Le délibéré du présent jugement a été fixé au 13 novembre 2025.
MOTIFS DE LA DECISION
Sur la demande de reconnaissance de la maladie professionnelle
Aux termes de l’article L. 461-1 du code de la sécurité sociale dans sa version en vigueur depuis le 1er juillet 2018 :
« Les dispositions du présent livre sont applicables aux maladies d’origine professionnelle sous réserve des dispositions du présent titre. En ce qui concerne les maladies professionnelles, est assimilée à la date de l’accident :
1° La date de la première constatation médicale de la maladie ;
2° Lorsqu’elle est postérieure, la date qui précède de deux années la déclaration de maladie professionnelle mentionnée au premier alinéa de l’article L. 461-5 ;
3° Pour l’application des règles de prescription de l’article L. 431-2, la date à laquelle la victime est informée par un certificat médical du lien possible entre sa maladie et une activité professionnelle.
Est présumée d’origine professionnelle toute maladie désignée dans un tableau de maladies professionnelles et contractée dans les conditions mentionnées à ce tableau.

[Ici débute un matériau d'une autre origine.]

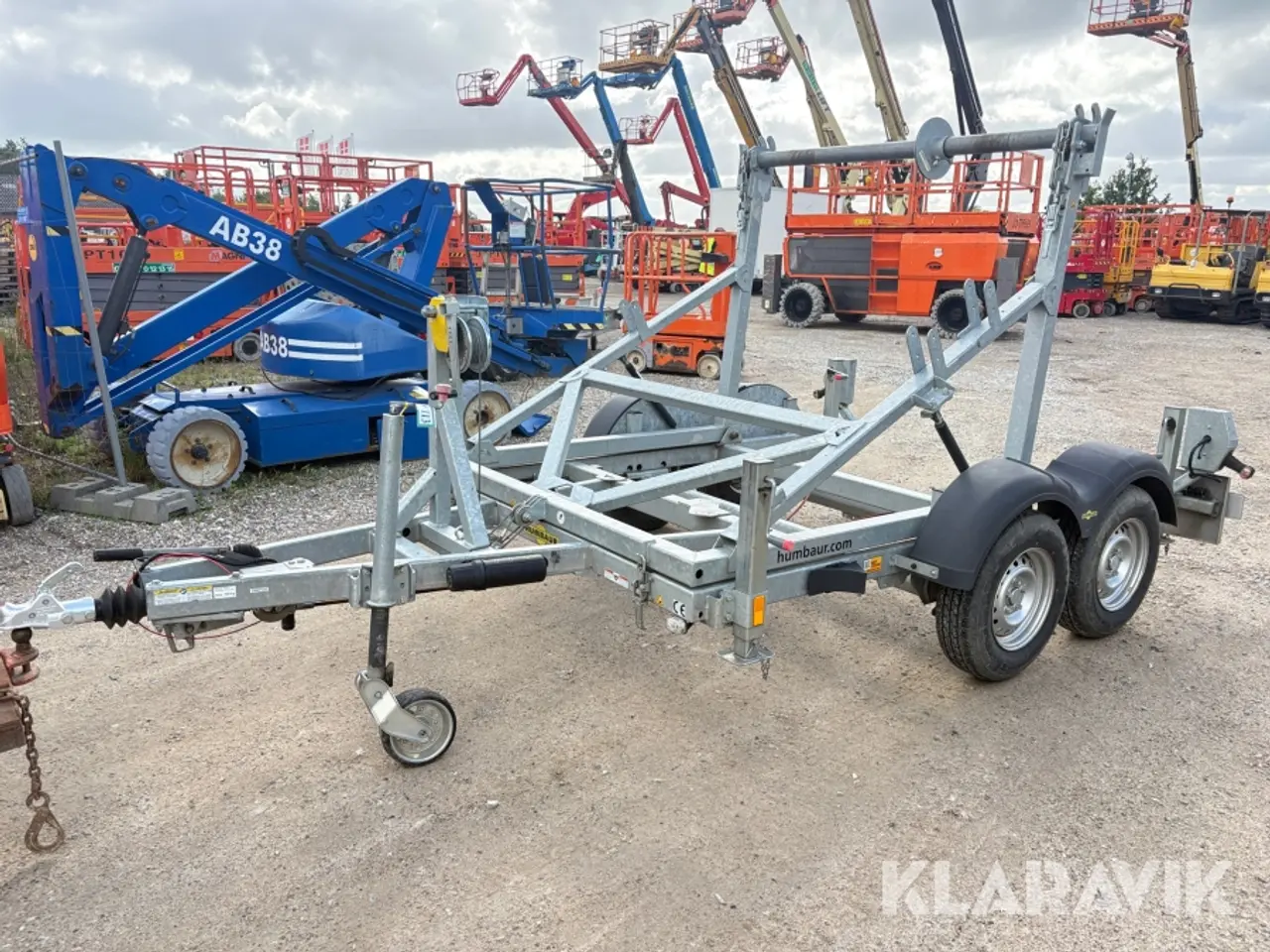 Billede 1 - Kabeltrailer Humbaur SRA 3500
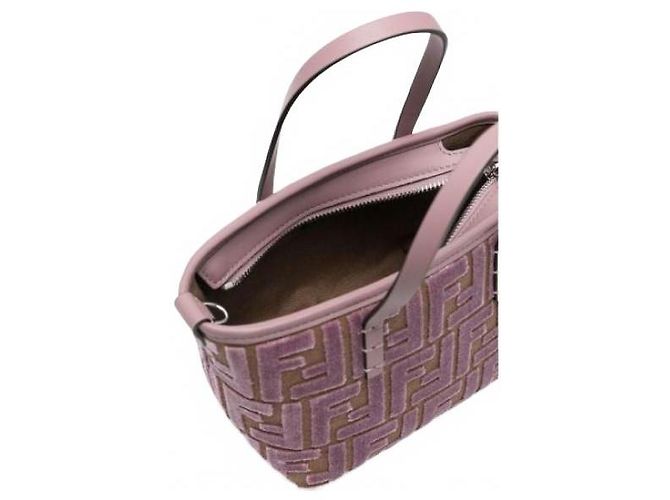 Way Fendi Mini borsa in jacquard di velluto - vista 3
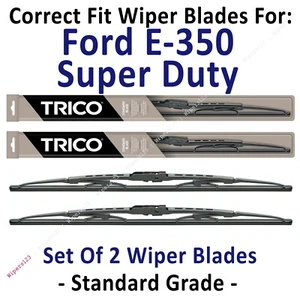 Wiper Blades 2-Pack Standard Wipers fits 1999+ Ford E-350 Super Duty - 30200x2 - Picture 1 of 1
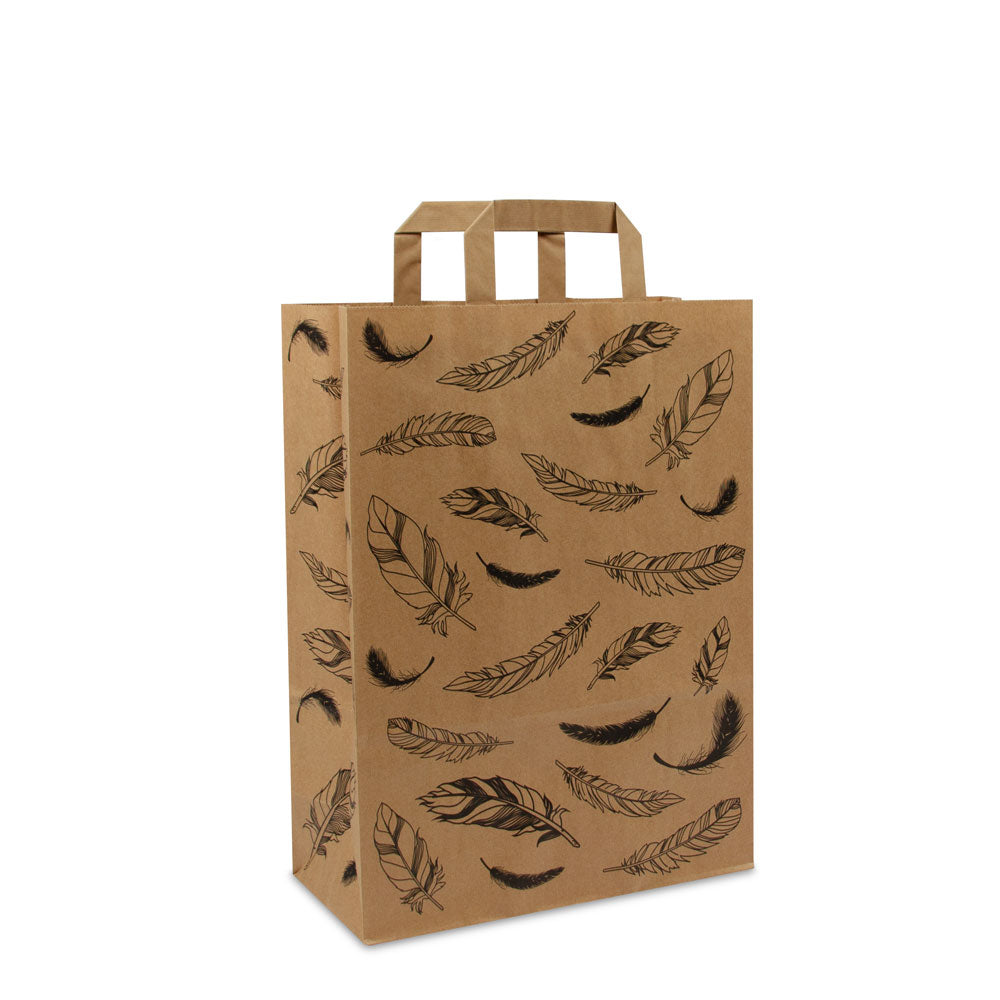 Kraft tassen FSC® Veertjes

Si une ou plusieurs conditions tenant au délai de prise en charge, à la durée d’exposition ou à la liste limitative des travaux ne sont pas remplies, la maladie telle qu’elle est désignée dans un tableau de maladies professionnelles peut être reconnue d’origine professionnelle lorsqu’il est établi qu’elle est directement causée par le travail habituel de la victime.
Peut être également reconnue d’origine professionnelle une maladie caractérisée non désignée dans un tableau de maladies professionnelles lorsqu’il est établi qu’elle est essentiellement et directement causée par le travail habituel de la victime et qu’elle entraîne le décès de celle-ci ou une incapacité permanente d’un taux évalué dans les conditions mentionnées à l’article L. 434-2 et au moins égal à un pourcentage déterminé.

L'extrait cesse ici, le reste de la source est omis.